Jeremy Corbyn and Glastonbury founder Michael Eavis (right) on the Pyramid Stage
Jeremy Corbyn and Glastonbury founder Michael Eavis (right) on the Pyramid Stage (Getty)

However it appears that this year’s good weather, as well as the use of charity workers and on-site litter crews during the festival, meant that there was less rubbish after the event had finished. Up to 600 workers are understood to have now been laid off.

Video footage obtained by The Independent shows the sacked workers asking at least to be fed before they will leave the campsite.
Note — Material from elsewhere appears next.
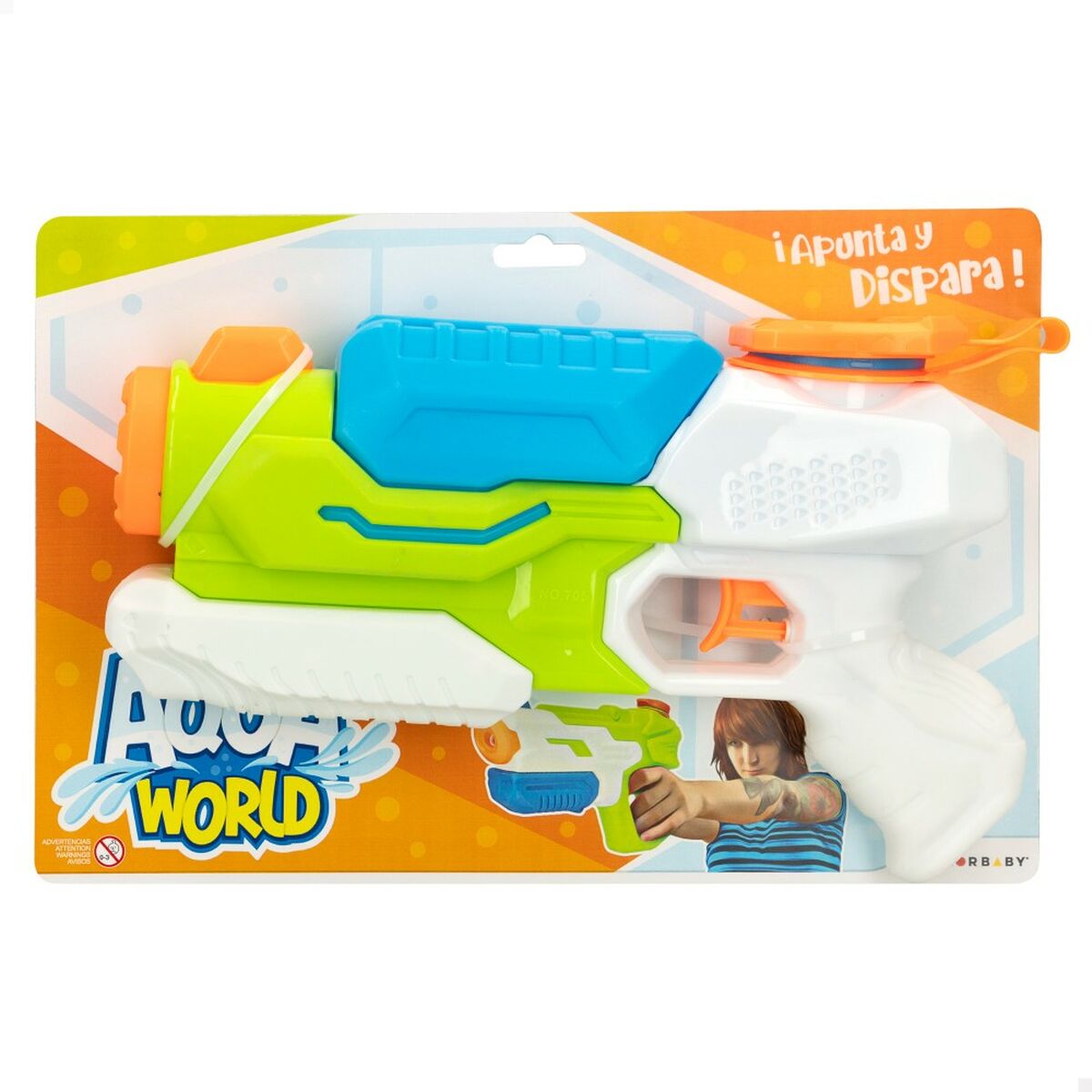 Pistolet à Eau Colorbaby AquaWorld 29 x 17,5 x 6,5 cm (6 Unités)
In the video, a man understood to be a litter-picking supervisor manhandles workers as they obstruct vehicles in protest, telling them they should be grateful for the two days' work.

Simon Kadlcak, from Czech Republic, told The Independent that he had arrived at Worthy Farm on Monday 26 June and started working the next day. He had heard about the opportunity from friends who also signed up to work via an online form.

"We found out quite soon that there was not as much garbage as usual, so there was less work,” he said. “Rumours were being spread about what would happen and there was no proper information.”

After two days of work, Mr Kadlcak said many people were told there was not enough work for them, with only about 100 people being kept on.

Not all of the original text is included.